Multiple Regression

Goals for today

Bringing our previous examples into a systematic framework.

This material is based on Rethinking 6.4.

Confronting confounding

What is confounding?

Let’s define confounding as any context in which the association between an outcome \(Y\) and a predictor of interest \(X\) is not the same as it would be, if we had experimentally determined the values of \(X\)" (p. 183, emphasis in the original).

Recall that in an experiment, the researchers determine (usually using a random process) the values of some of the variables in the study.

Confounding, Experiments, and DAGS

Perhaps you are interested in the effect of education (E) on wages (W).

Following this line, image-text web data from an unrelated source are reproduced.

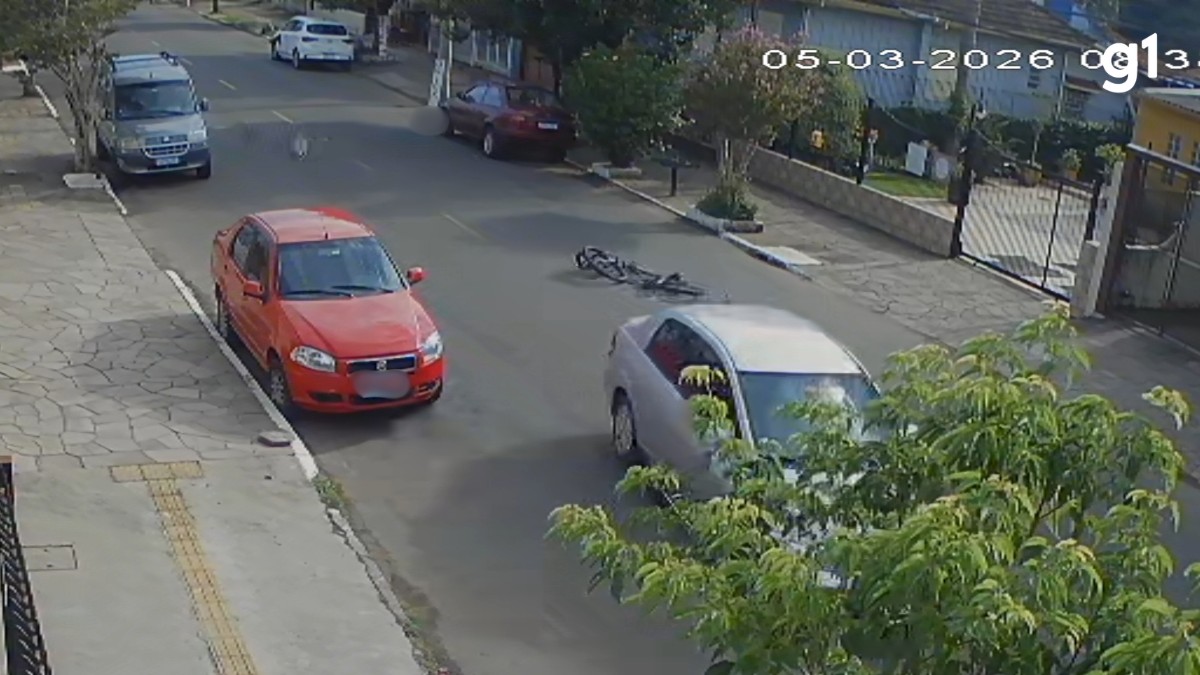 VÍDEO: Ciclista morre a caminho do trabalho após ser atingido por carro que invadiu pista contrária no RS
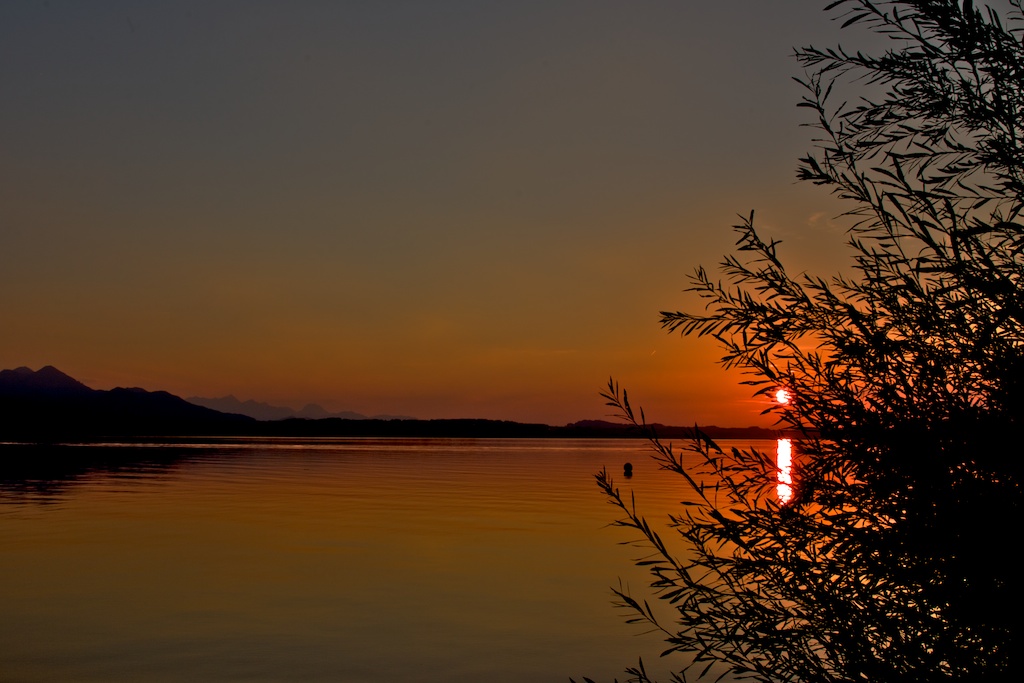 Der Chiemsee bei Sonnenuntergang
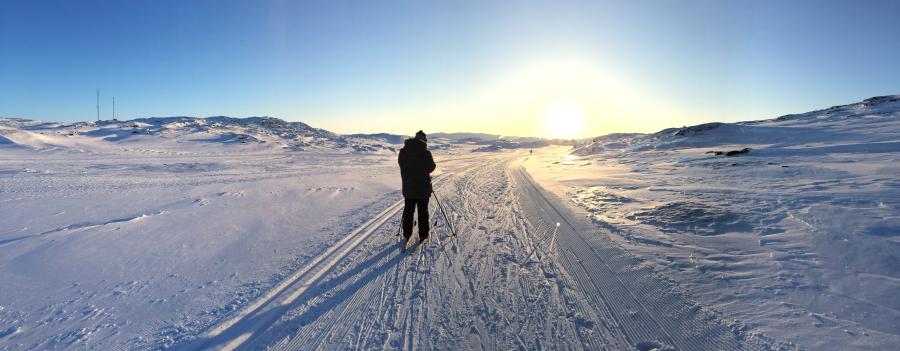 Dejligt at kunne stå på ski når solen nu er længere oppe.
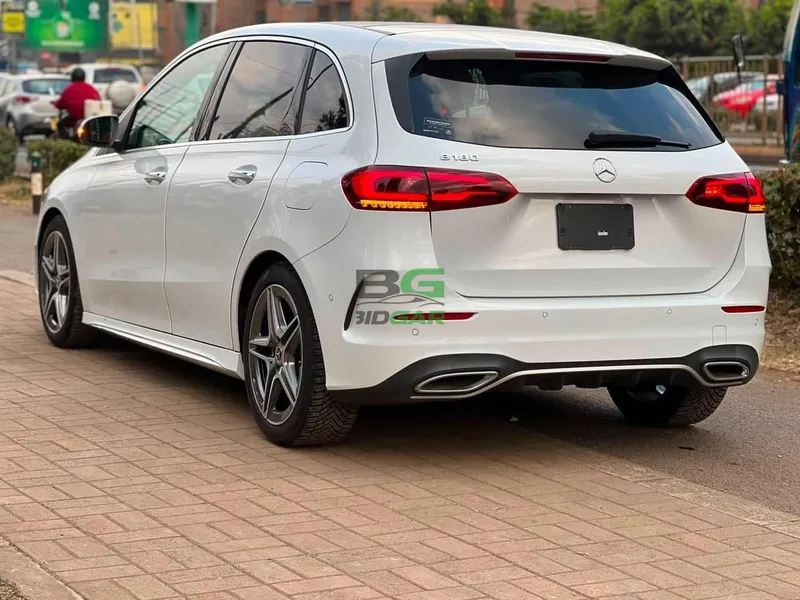 2019 Mercedes-Benz B180 AMG-LINE 1.4L Petrol Hatchback, photo 2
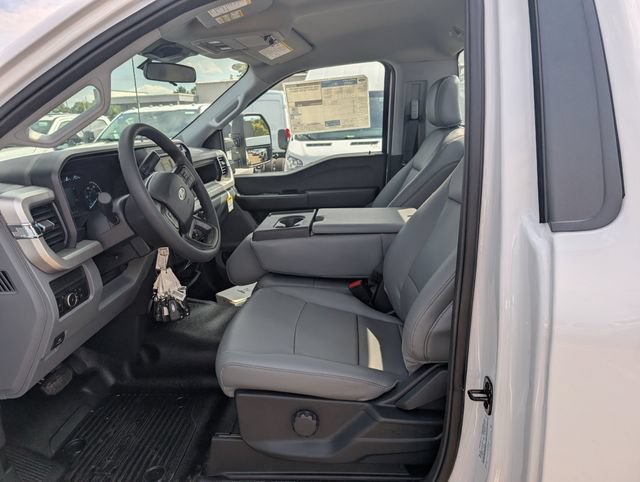 New 2026 Ford F550 4x4 Regular Cab Super Duty image 13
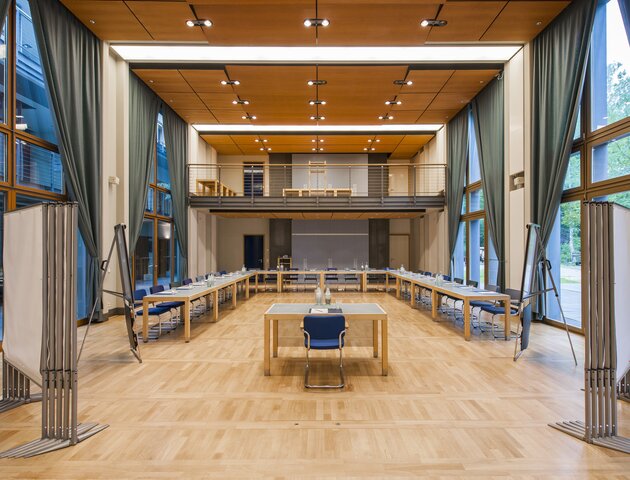 Light flooded conference room in the Ringhotel Schorfheide | Tagungszentrum der Wirtschaft in Joachimsthal, 4-stars hotel close to Berlin | © Ringhotel Schorfheide | Tagungszentrum der Wirtschaft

But it is likely that there are other things (U) that affect both wages and education:

If we do a simple regression of \(W\) on \(E\), the causal effect will be confounded by \(U\). The effect of \(U\) on both \(E\) and \(W\) creates additional correlation betwen \(E\) and \(W\) in addition to the direct effect of \(E\) on \(W\).

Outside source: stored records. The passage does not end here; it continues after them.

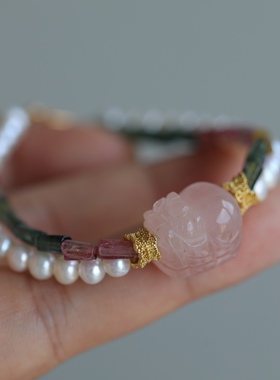 天然摩根石精雕貔貅搭配天然碧玺直管天然淡水珍珠精致又高级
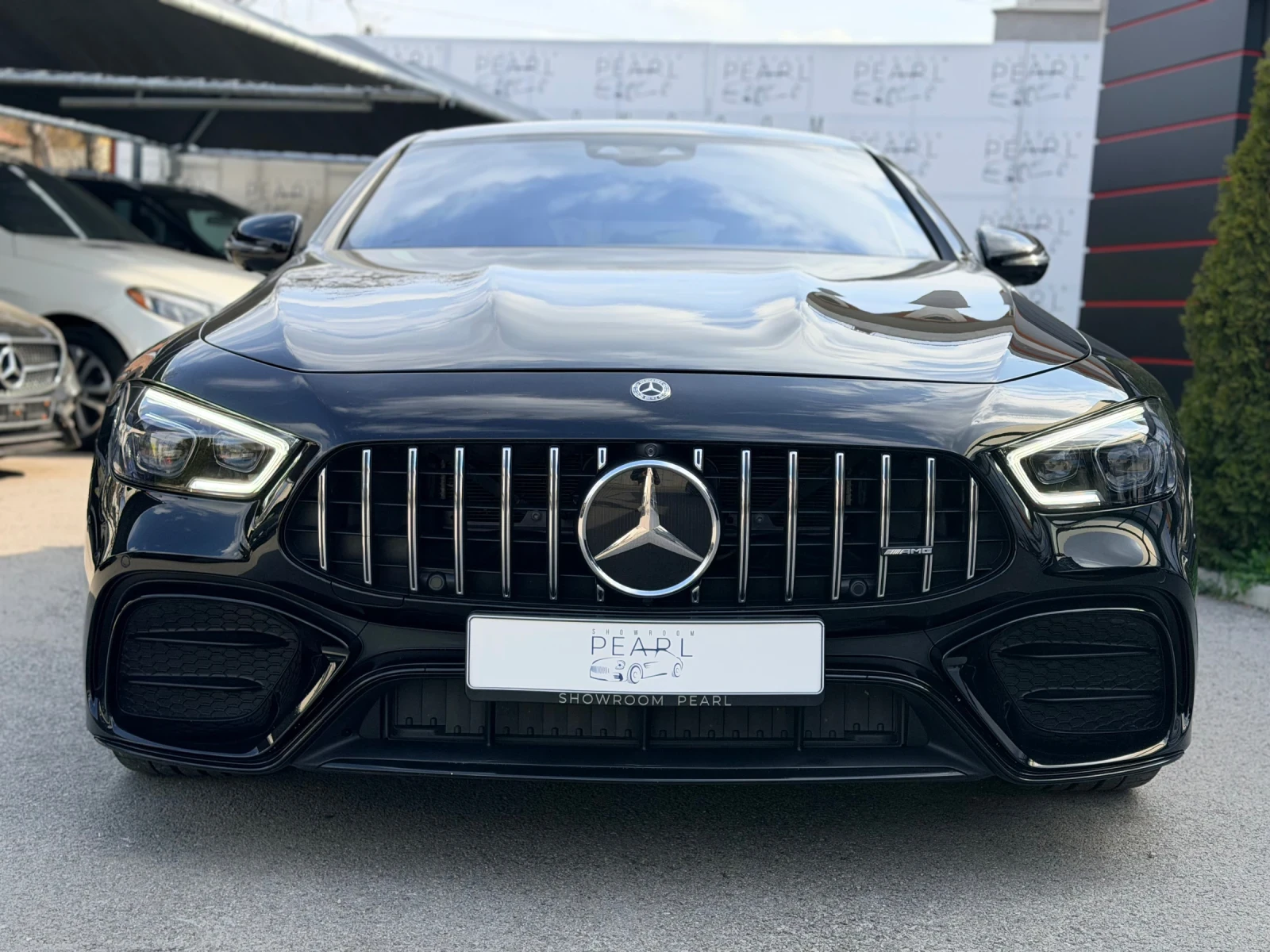 Mercedes-Benz AMG GT 43 4Мatic V8-Styling Nappa PANO НЕМСКА 88000КМ, снимка 2 - Автомобили и джипове - 50071242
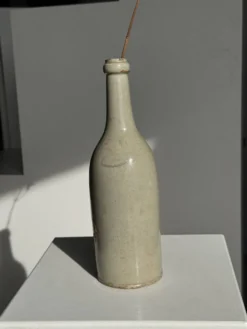 Bouteille vintage en grès beige moucheté H31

(Undirected) Paths in a DAG

We can understand this in terms of the (undirected) paths in our graph. We have two paths from \(E\) to \(W\) in our DAG:

\(E \to W\)
\(E \leftarrow U \to W\) (Note: we don’t have to follow the direction of the arrows.)

To isolate the path of interest (\(E \to W\)), we need to block the other path.

One way to do this is by running an experiment. If we could randomly assign education to the subjects, then we would have this DAG:

Manipulation removes the confounding, because it blocks the other path between \(E\) and \(W\)" (p. 184).

But it isn’t always possible to block paths via experiments. What are the other options? We could condition on \(U\) by including \(U\) in our model. Why does this work? Consider another DAG containing just the troublesome path:

\(E\) and \(W\) are indepedent, conditional on \(U\).

dagify(W ~ U, E ~ U) %>% 
  impliedConditionalIndependencies()

## E _||_ W | U

If we don’t know \(U\), then \(E\) provides information about \(W\) because both \(E\) and \(W\) are causally related to \(U\). But once we know \(U\), learning about \(E\) provides no additional information about \(W\). So conditioning on \(U\) blocks this path.

Shutting the backdoor.

Blocking confounding paths between some predictor \(X\) and some outcome \(Y\) is known as shutting the backdoor. We don’t want any spurious association sneaking in through a non-causal path that enters the back of the predictor \(X\). In the example above, the path \(E \leftarrow U \rightarrow W\) is a backdoor path, because it enters \(E\) with an arrow and also connects \(E\) to \(W\). This path is non-causal–intervening on \(E\) will not cause a change in \(W\) through this path–but it still produces an association between \(E\) and \(W\).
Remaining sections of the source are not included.